Reputation: 25188
When you limit the number of rows to be returned by a SQL query, usually used in paging, there are two methods to determine the total number of records:
Include the SQL_CALC_FOUND_ROWS
option in the original SELECT
, and then get the total number of rows by running SELECT FOUND_ROWS()
:
SELECT SQL_CALC_FOUND_ROWS * FROM table WHERE id > 100 LIMIT 10;
SELECT FOUND_ROWS();
Run the query normally, and then get the total number of rows by running SELECT COUNT(*)
SELECT * FROM table WHERE id > 100 LIMIT 10;
SELECT COUNT(*) FROM table WHERE id > 100;
Which method is the best / fastest?
Upvotes: 197
Views: 166082
Reputation: 28834
MySQL has started deprecating SQL_CALC_FOUND_ROWS
functionality with version 8.0.17 onwards.
So, it is always preferred to consider executing your query with LIMIT
, and then a second query with COUNT(*)
and without LIMIT
to determine whether there are additional rows.
From docs:
The SQL_CALC_FOUND_ROWS query modifier and accompanying FOUND_ROWS() function are deprecated as of MySQL 8.0.17 and will be removed in a future MySQL version.
COUNT(*) is subject to certain optimizations. SQL_CALC_FOUND_ROWS causes some optimizations to be disabled.
Use these queries instead:
SELECT * FROM tbl_name WHERE id > 100 LIMIT 10; SELECT COUNT(*) WHERE id > 100;
Also, SQL_CALC_FOUND_ROWS
has been observed to have more issues generally, as explained in the MySQL WL# 12615 :
SQL_CALC_FOUND_ROWS has a number of problems. First of all, it's slow. Frequently, it would be cheaper to run the query with LIMIT and then a separate SELECT COUNT() for the same query, since COUNT() can make use of optimizations that can't be done when searching for the entire result set (e.g. filesort can be skipped for COUNT(*), whereas with CALC_FOUND_ROWS, we must disable some filesort optimizations to guarantee the right result)

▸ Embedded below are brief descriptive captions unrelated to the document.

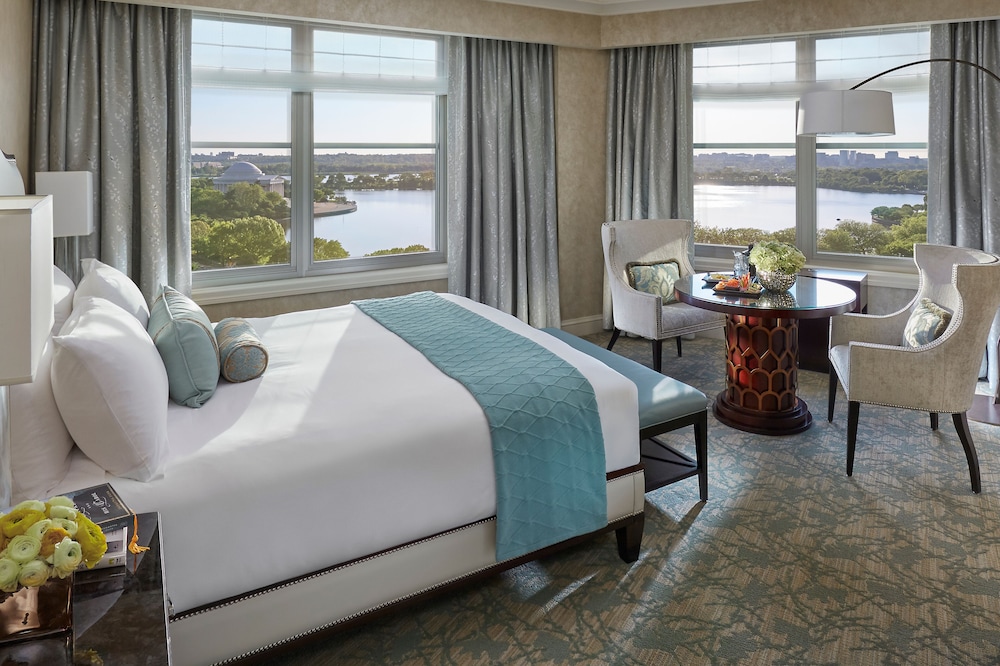 Premier Water View King Room - Photo 2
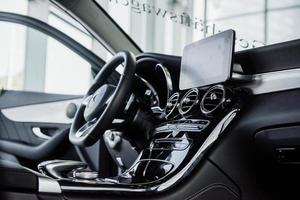 stuttgart, duitsland - 16 oktober 2018 mercedes museum. de tablet bij het stuur. binnenkant van gloednieuwe auto met zwart interieur foto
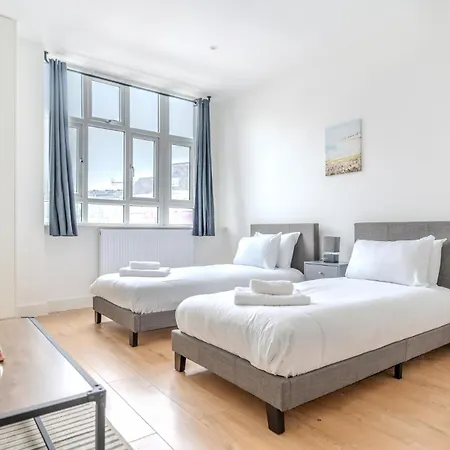 Full Kitchen-strategic Location-spacious Flat Apartment Catford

More importantly, it has very unclear semantics in a number of situations. In particular, when a query has multiple query blocks (e.g. with UNION), there's simply no way to calculate the number of “would-have-been” rows at the same time as producing a valid query. As the iterator executor is progressing towards these kinds of queries, it is genuinely difficult to try to retain the same semantics. Furthermore, if there are multiple LIMITs in the query (e.g. for derived tables), it's not necessarily clear to which of them SQL_CALC_FOUND_ROWS should refer to. Thus, such nontrivial queries will necessarily get different semantics in the iterator executor compared to what they had before.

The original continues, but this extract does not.